2 of 3 people found the following review helpful:
5.0 out of 5 stars
Religious denominations negotiating family and modernity, May 8, 1999
By A Customer
This review is from: Faith Traditions and the Family (Family, Religion, and Culture) (Paperback)
This book is an extremely engaging and informative collection of essays by a number of religious scholars chronicling the attempts of various North American religious denominations to negotiate the impact of modernity on the family. These denominational histories reveal periods of growth and decline in the denominations themselves and in their attention to family issues. They also show the range of voices within the various denominations. These stories thus debunk the "culture wars" typology, according to which denominations are labeled as univocally liberal or conservative.
The two major forces that appear across these denominational accounts are the tension between individualism and community and the influence of market forces on family life. The stories show how these broad social forces, more than any one social movement have produced many changes in families. Feminism is usually cited as one of the forces that has impacted the modern family, and it has spurred action and/or inspired reaction in virtually every denomination. Likewise, the recent focus on fatherhood in a number of denominations demonstrates the continuing importance of social and cultural change on churches and families.
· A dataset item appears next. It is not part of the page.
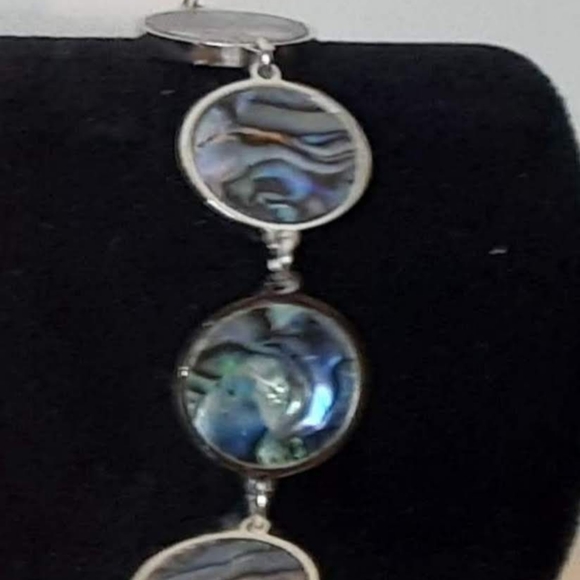ABALONE SHELL BRACELET - Picture 3 of 5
The most powerful insights from these various denominational narratives are the need to negotiate with, rather than reject modernity, and the important point that the mere presence of conflict on issues like the family does not necessarily indicate failure.
Whether the conflict is over tradition and innovation, individualism and familism, public and private, ideals and reality, or protective withdrawal from or prophetic engagement with the surrounding culture, the essays in this volume show how the family has been an important locus of the reconciliation of religion and modernity in American culture.